Dari giggled. “Anyways,” she said, snatching her sweater off the ground, “I should be going.”

Micah leaned over and kissed her deeply on the neck. “Dari,” he murmured, wrapping his arms around her so she couldn’t leave, “there is a God then?”

Dari leaned into his shoulder. “Of course, stupid.”

Micah thought very hard. He knew he could only keep her there for so long. “Why does he let bad things happen?”

Dari squirmed. “Because.”

“Because why?”

“No,” Dari shifted so she was facing him. “That’s all there is. Just – because.” Micah raised an eyebrow at her, waiting. “Look,” she said, annoyed, “just because I know everything doesn’t mean I understand it.” She wriggled her way out of his arms. “I really have to go now.”

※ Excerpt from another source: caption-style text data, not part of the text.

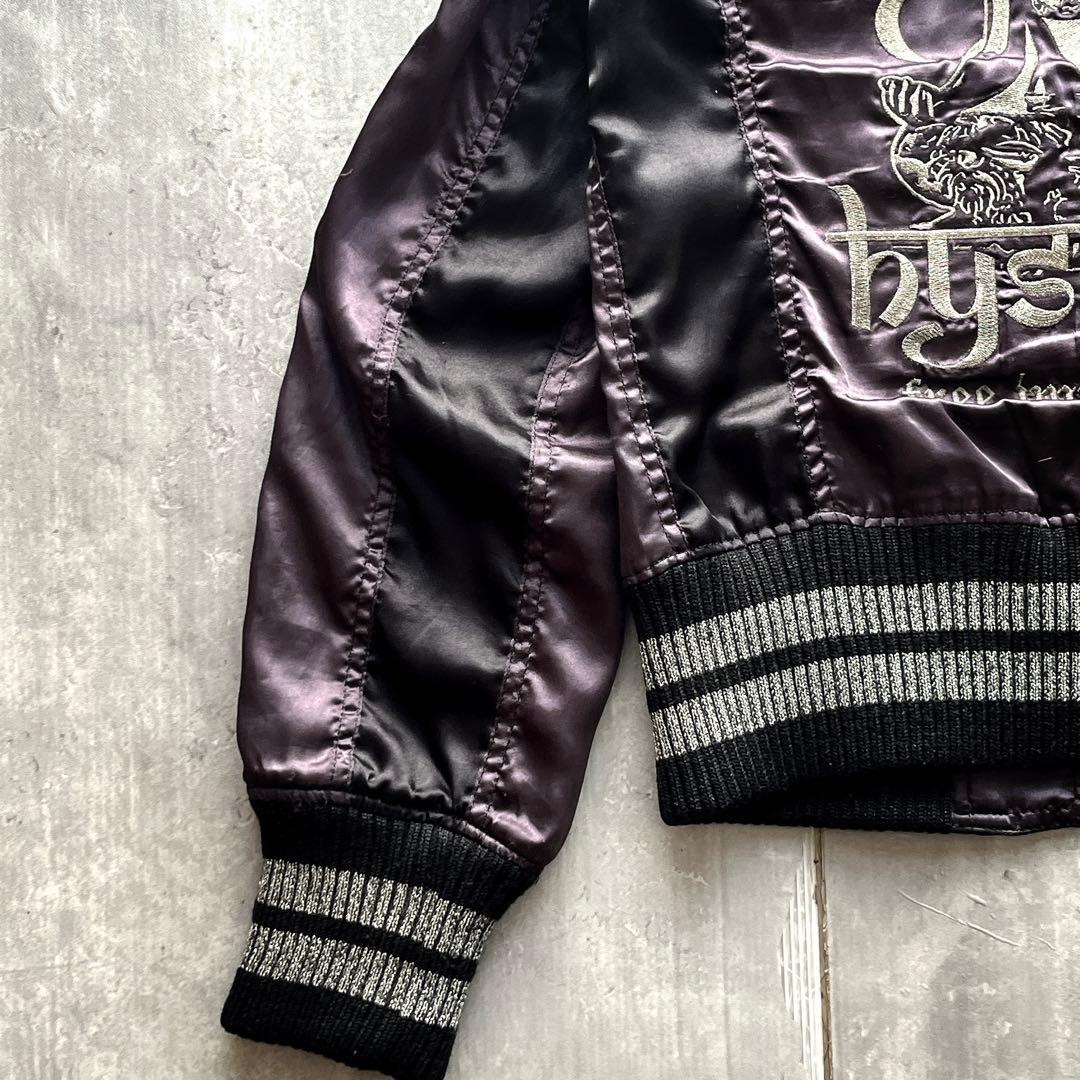 00s HYSTEIC GLAMOUR ガール 刺繍 短丈　スカジャン ムーン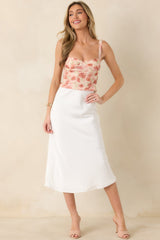 MINKPINK Camille Pink Floral Mesh Bustier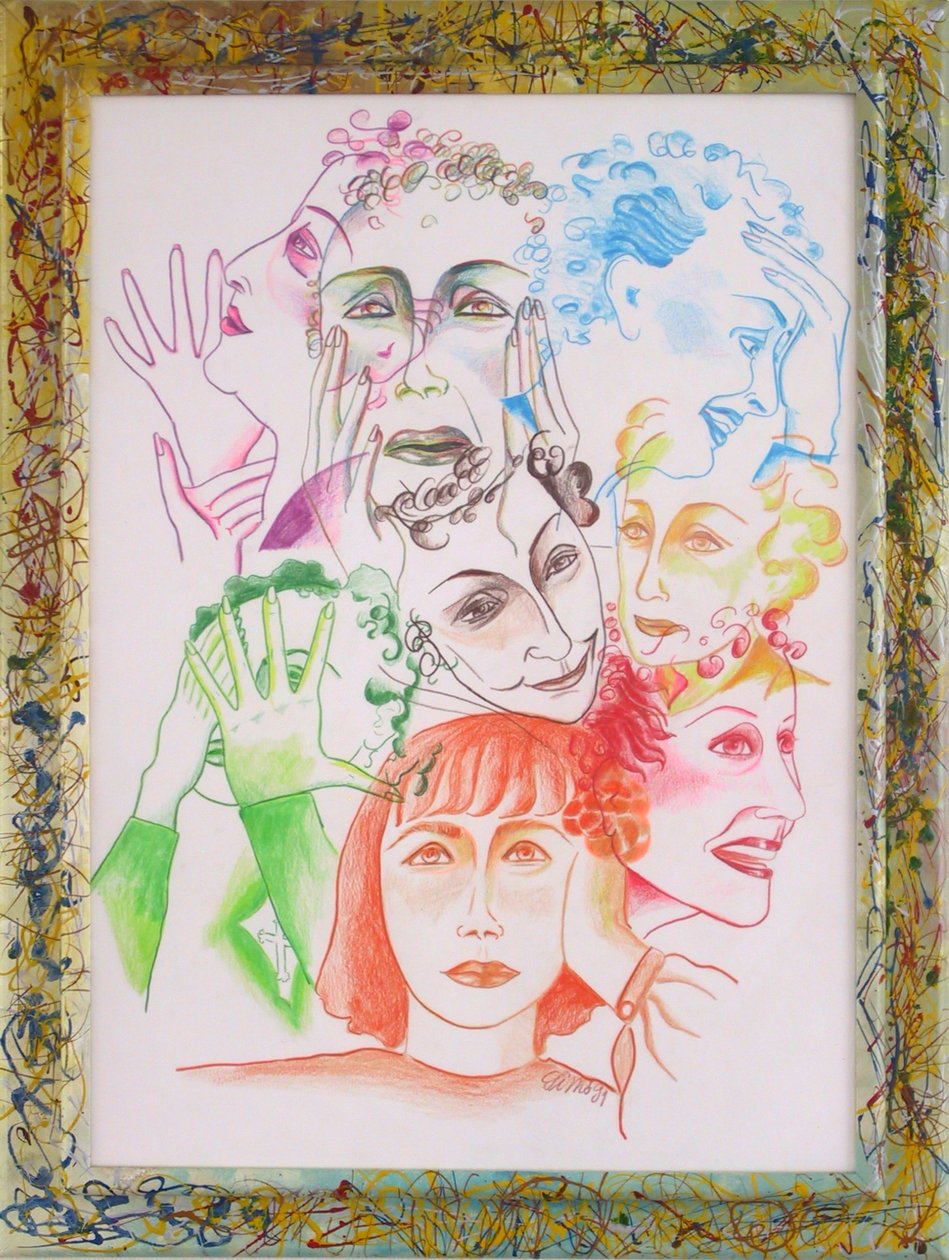 Edith Piaf II -portré/Collage- alkotó: JuleSimo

She turned to leave but Micah caught her by the hand. She whipped around, but there was something in the way that Micah was looking at her that stayed her tongue. He met her eyes and held them in his steady gaze.

“Dari,” Micah’s voice broke as he said the word. “Dari, why you?”

Dari didn’t say anything. Instead, she only shook her head sadly, leaned in close and silently kissed Micah on the cheek. Micah let go of her hand. Dari walked quickly towards the door. She was just reaching for the door handle when Micah called out to her again.

“Dari,” he said her name gently, so gently, “what’s the answer?

Dari turned and stared at him. “Micah… there isn’t one.”